Впоследствии Згурский искренне жалел Михаила, когда за женитьбу на дважды разведенной бывшей супруге однополчанина Михаил был лишен всех прав и, почти бедствуя, жил с любимой вдали от Отечества. Згурский радовался, когда вначале Великой войны Михаилу позволено было вернуться на родину и встать в строй. Предводительствуемая великим князем Дикая Туземная дивизия, составленная из свирепых кавказских горцев, снискала заслуженную славу беспримерной храбростью и удалью, и среди них командир слыл отъявленным смельчаком.
Когда в восемнадцатом году прошел слух, что содержащийся в Перми под гласным надзором Михаил сбежал вместе с секретарем, Згурский ликовал, надеясь вскоре увидеть любимого армией и народом великого князя во главе белого движения. Но этого не произошло. Позже стали всплывать крайне неприятные известия, свидетельствующие об убийстве брата государя большевиками. Правда, собранные колчаковской военной прокуратурой сведения отличались разнородностью показаний участников преступления, которые сильно противоречили друг другу. Но о самом Михаиле Александровиче по-прежнему не было ни слуху, ни духу. Это заставляло мириться с достоверностью факта гибели великого князя. И вот теперь сообщение Шведова…
«Неужели он действительно жив и скрывается в России? – размышлял Згурский. – Это очень многое меняет: Михаилу император передал власть, отрекшись от престола. Михаил и в прежние времена был известен своим мягким либеральным характером. Он не отрекался от трона, как о том любят врать большевики, а лишь издал манифест об отложении принятия им власти до Учредительного собрания, которое было созвано и разогнано большевиками. Стало быть, Михаил имеет неоспоримое право вернуть себе державу и скипетр. Но его положение в России…»

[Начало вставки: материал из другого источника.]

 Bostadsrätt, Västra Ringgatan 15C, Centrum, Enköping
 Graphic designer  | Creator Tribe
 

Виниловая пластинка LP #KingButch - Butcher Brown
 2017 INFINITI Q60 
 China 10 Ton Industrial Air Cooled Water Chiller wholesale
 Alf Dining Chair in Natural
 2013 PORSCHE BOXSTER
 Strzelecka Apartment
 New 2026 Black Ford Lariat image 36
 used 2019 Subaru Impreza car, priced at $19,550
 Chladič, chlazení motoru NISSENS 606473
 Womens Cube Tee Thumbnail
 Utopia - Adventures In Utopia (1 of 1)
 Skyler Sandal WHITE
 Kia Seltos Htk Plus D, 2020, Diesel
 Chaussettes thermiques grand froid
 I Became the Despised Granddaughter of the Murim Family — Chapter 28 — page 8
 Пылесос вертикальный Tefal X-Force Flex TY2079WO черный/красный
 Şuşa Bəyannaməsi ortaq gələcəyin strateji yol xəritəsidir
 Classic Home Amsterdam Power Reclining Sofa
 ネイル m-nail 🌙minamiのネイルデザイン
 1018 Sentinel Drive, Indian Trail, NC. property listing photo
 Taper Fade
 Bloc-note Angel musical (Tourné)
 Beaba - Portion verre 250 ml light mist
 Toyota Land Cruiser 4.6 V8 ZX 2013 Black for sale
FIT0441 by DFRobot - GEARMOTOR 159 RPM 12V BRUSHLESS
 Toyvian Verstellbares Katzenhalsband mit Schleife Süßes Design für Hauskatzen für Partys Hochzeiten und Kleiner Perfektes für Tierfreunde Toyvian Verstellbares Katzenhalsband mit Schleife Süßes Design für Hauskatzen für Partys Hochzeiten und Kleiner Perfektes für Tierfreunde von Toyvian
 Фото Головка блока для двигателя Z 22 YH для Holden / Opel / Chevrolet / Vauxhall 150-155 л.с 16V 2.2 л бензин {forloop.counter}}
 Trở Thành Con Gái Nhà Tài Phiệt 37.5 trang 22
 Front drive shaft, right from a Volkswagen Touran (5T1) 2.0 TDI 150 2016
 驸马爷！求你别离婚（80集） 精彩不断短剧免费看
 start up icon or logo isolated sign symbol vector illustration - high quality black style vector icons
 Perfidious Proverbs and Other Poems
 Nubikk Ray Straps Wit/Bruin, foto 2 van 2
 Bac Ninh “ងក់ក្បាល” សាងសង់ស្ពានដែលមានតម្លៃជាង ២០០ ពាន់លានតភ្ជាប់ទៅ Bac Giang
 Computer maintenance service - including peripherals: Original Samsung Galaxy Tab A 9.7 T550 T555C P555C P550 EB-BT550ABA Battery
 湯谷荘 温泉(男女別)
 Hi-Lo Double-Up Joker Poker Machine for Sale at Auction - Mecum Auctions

При этой мысли у Згурского заныло сердце. Образ великого князя растворился сам собой, уступая место другому – милому до боли и любимому.
«Она там, она жива, но ей плохо… Я чувствую, ей очень плохо!»
Генерал ухватился за спину льва, чтобы не упасть от внезапно нахлынувшей дурноты. Он ощутил, как земля уходит из-под ног.
– Не сейчас, – послышалось за спиной.
Згурский через силу повернулся – перед ним стояла дама в черном траурном платье с лицом, закрытым вуалью.
– Это скоро пройдет, – продолжала она по-немецки. – Род твой идет через реку крови, молнией начертан его путь. И ты пойдешь в тех молниях, чтобы найти свой ландыш, обернувшийся девочкой.
– Кто вы? – прошептал Згурский.
Ему хотелось сказать громко, но горло точно обложили ватой.
Дама, не говоря ни слова более, отрицательно покачала головой и вознамерилась уйти.
– Постойте! Вы что-то знаете, говорите немедленно!
– Уж сказала.
– Черт возьми, кто вы?!
Дама медленно приподняла вуаль. Незнакомое старушечье лицо, светлые и глубокие, точно неживые, глаза. Вдруг, будто под действием лучей утреннего солнца, глаза потемнели, разрез их стал по-китайски раскосым, а вместо сжатого, изрезанного морщинами рта проступила неизменная глумливая ухмылка Лун Вана.
– Ты?! – в глазах Згурского вспыхнула и померкла картина горящей улицы Бейджина. Он начал падать и вдруг почувствовал, как его подхватывают чьи-то сильные руки.